Security in a Time of Hatred

In the wake of the Palestinian suicide bombers and the mass murder and collective suicide that took place last September 11th the world is still trying to redefine what it means by security. We know about mass suicides of religious sects and about individual suicides in military operations. Never before, however, were the two combined on so devastating a scale. Never before have we witnessed a military operation whose participants accept their own death not as a mere possibility, but as an inevitable and, indeed, desired outcome.

Suicidal mass murder results from organized hatred-the unconditional craving to harm an enemy not for what it has (as with envy) or for what it does (as with anger), but for what it is.
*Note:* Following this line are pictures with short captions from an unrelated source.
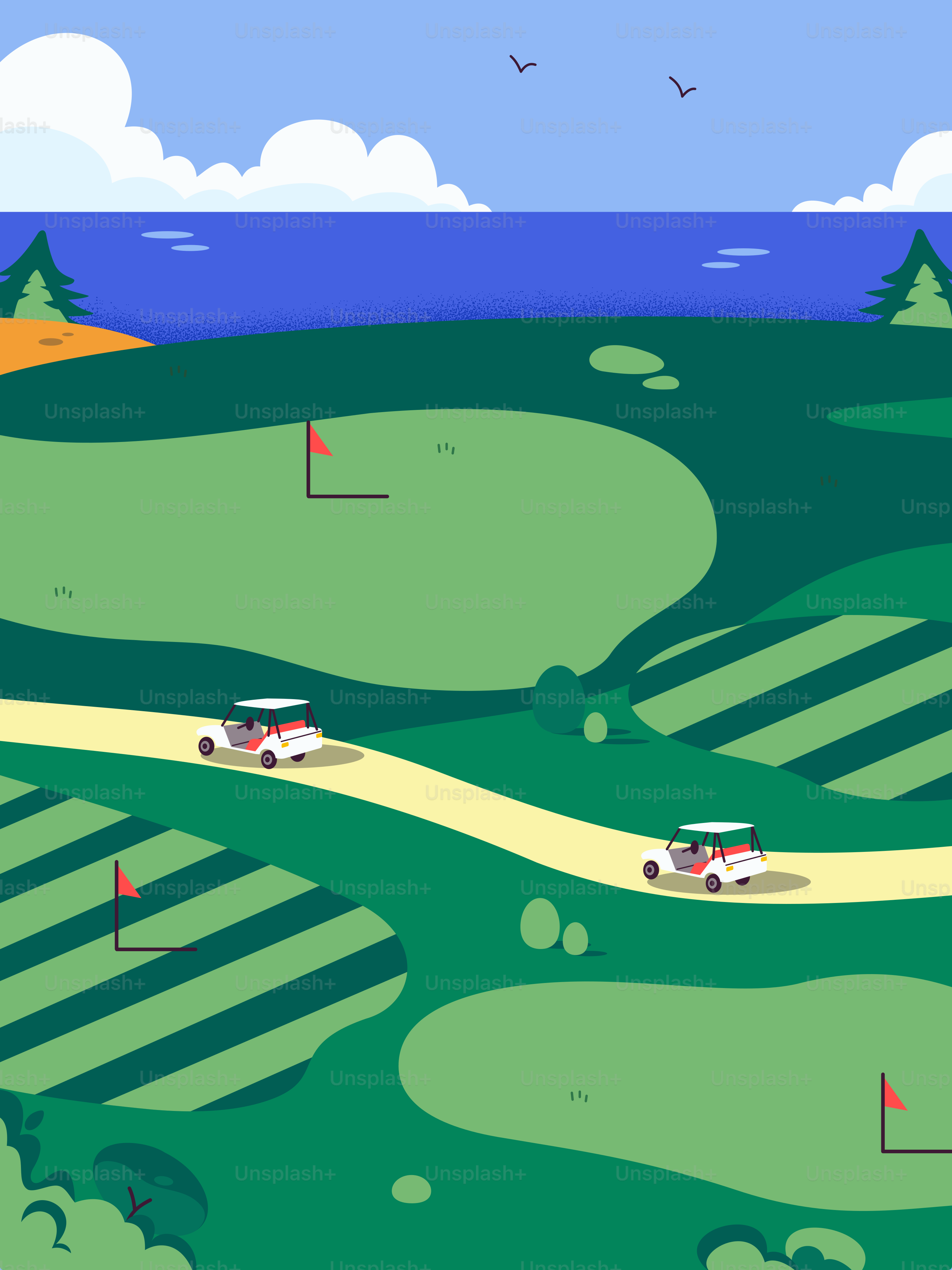 Dos carritos de golf en un pintoresco campo de golf cerca del agua.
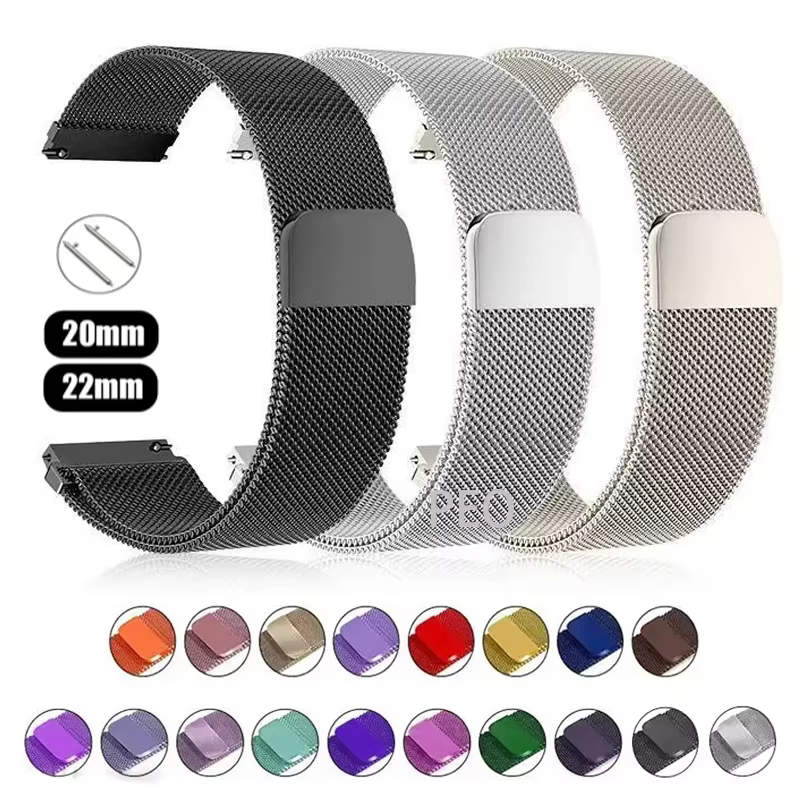 Boucle milanaise pour Samsung Galaxy watch 7/4/5/pro/4-6 classique/Active 2 40mm bracelet 20mm 22mm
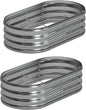 4x2x1ft(2 Pack) Galvanized Oval Raised Garden Bed,Outdoor Planter Box Metal Patio Kit Planting Bed for Vegetables Flowers Herb,Silver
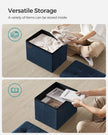 Foldable Ottoman Storage Bench – Velvet – Midnight Blue – Multi-Functional Footstool with Lid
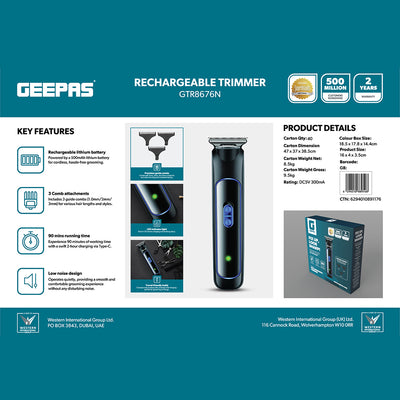 Geepas GTR8676 Rechargeable Beard Trimmer 3W -  Grooming Kit with Comfortable Grip, Stainless Steel Precision Cutting Blade, Cordless Operation, LED Charge Indication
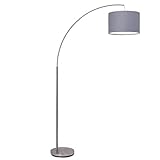 BRILLIANT Lampe Clarie Bogenstandleuchte 1,8m eisen/grau | 1x A60, E27, 60W, geeignet für Normallampen (nicht enthalten) | Skala A++ bis E | Mit Fußschalter
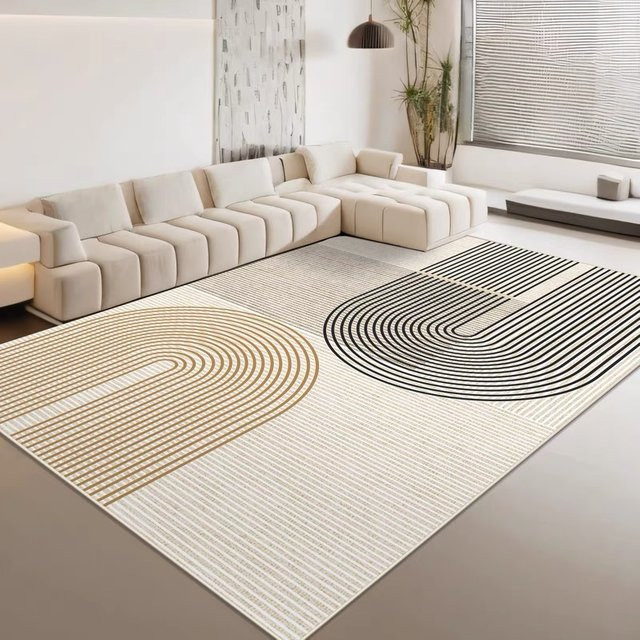 Vikama Teppich für Wohnzimmer und Schlafzimmer, modern und rutschfest, beige, rechteckig - Bild 1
What a person or group has or does can be changed by redistribution or sanctions, but what it is can only be eliminated.

As an expressive act of religious mania, organized hatred is rooted in a collective revelation of divine order and the duties arising from it, along with the promise of eternal reward for those who are unconditionally committed to fulfilling God's plan. Envy, anger, and sadness hurt. But hatred may be accompanied by the self-pleasures of an heroic mission.

There have been countless attempts to pin the hatred of the September 11th attackers on something else: surely, America's global economic power and political hegemony at least nurtured the conditions in which such hatred could develop. Hasn't the US administration implied as much, speaking of its "vision of a Palestinian state" and sometimes criticizing Israeli policy with hitherto unseen severity?